Malgré les progrès considérables accomplis au plan de l’égalité des genres, les populations pauvres des pays en développement affichent chaque année un «déficit» de près de 4 millions de femmes.
L’égalité entre les hommes et les femmes est un objectif de
développement fondamental en soi. Elle est aussi un atout pour
l’économie, et les pays qui améliorent les opportunités et la
situation des femmes et des filles peuvent accroître leur
productivité, améliorer les conditions de vie de leurs enfants, rendre leurs institutions plus représentatives et renforcer les perspectives de développement pour tous, explique un nouveau rapport phare de la Banque mondiale.
Le Rapport sur le développement dans le monde 2012 : Égalité des genres et développement décrit les importants progrès accomplis dans le cadre des efforts déployés pour réduire les inégalités entre les hommes et les femmes, mais il montre aussi que des disparités persistent dans de nombreux domaines. La plus criante est l’écart entre le taux de mortalité des filles et des femmes et celui des hommes dans les pays en développement.

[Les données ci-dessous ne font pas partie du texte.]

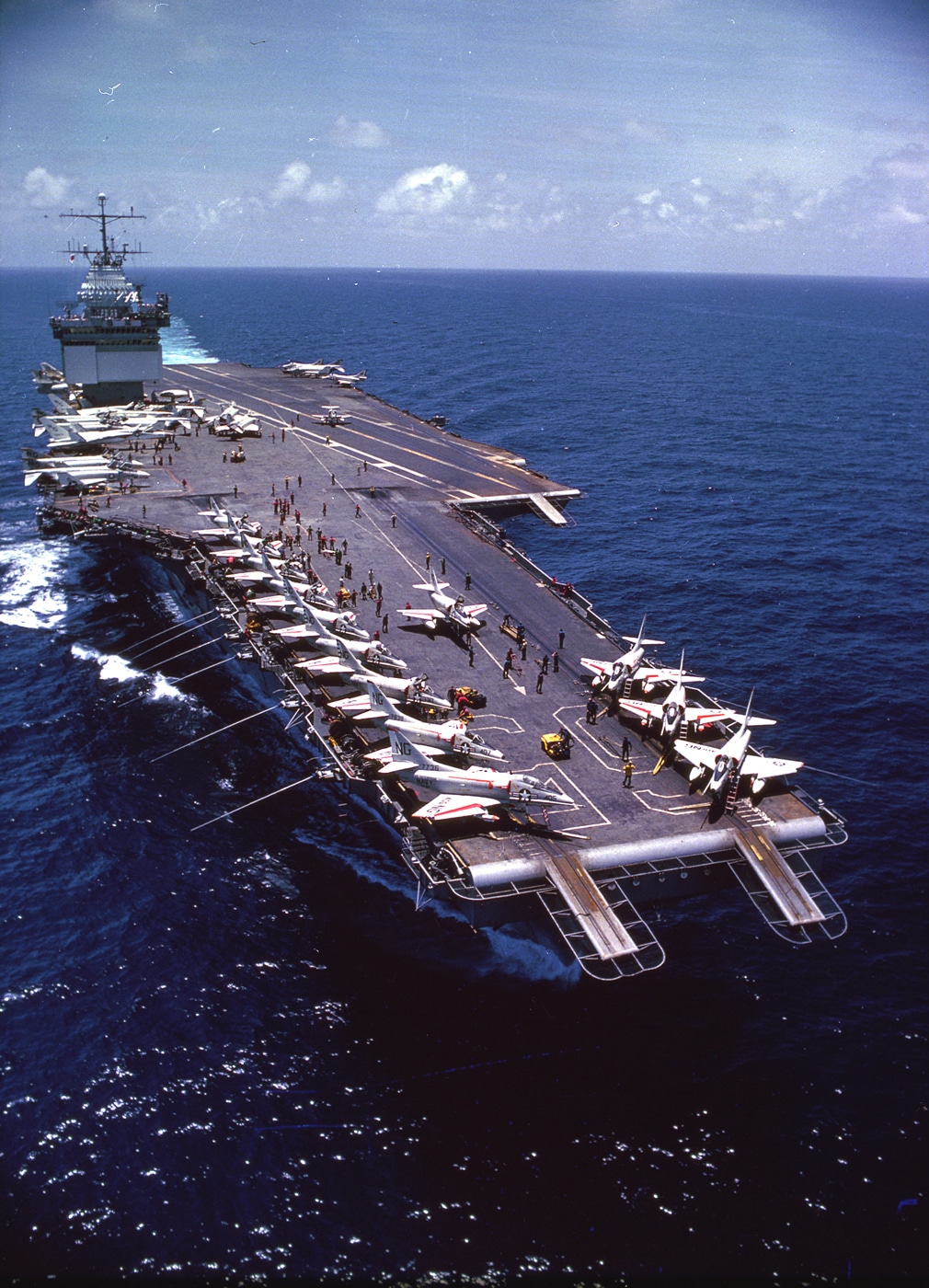 nuclear powered aircraft carrier uss enterprise in gulf of tonkin with a-4 skyhawk planes on deck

À l’échelle des pays à faible revenu et à revenu intermédiaire, le surcroît de mortalité féminine après la naissance et le «déficit» de filles à la naissance est estimé chaque année à 3,9 millions de femmes. Environ deux cinquièmes de ces femmes ne sont jamais nées en raison de la préférence pour les garçons, un sixième décèdent durant leur petite enfance et plus d’un tiers meurent durant leurs années reproductives. La situation s’aggrave en outre en Afrique subsaharienne, en particulier dans les pays durement touchés par le VIH/SIDA.

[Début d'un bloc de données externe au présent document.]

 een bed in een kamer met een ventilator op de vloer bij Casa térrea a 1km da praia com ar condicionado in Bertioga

«Nous devons changer les règles des inégalités», explique le président du Groupe de la Banque, Robert B. Zoellick. «Au cours des cinq dernières années, le Groupe de la Banque mondiale a contribué un montant de 65 milliards de dollars pour promouvoir l’éducation des filles, la santé des femmes et l’accès de ces dernières au crédit, à la terre, aux services agricoles, à l’emploi et aux infrastructures.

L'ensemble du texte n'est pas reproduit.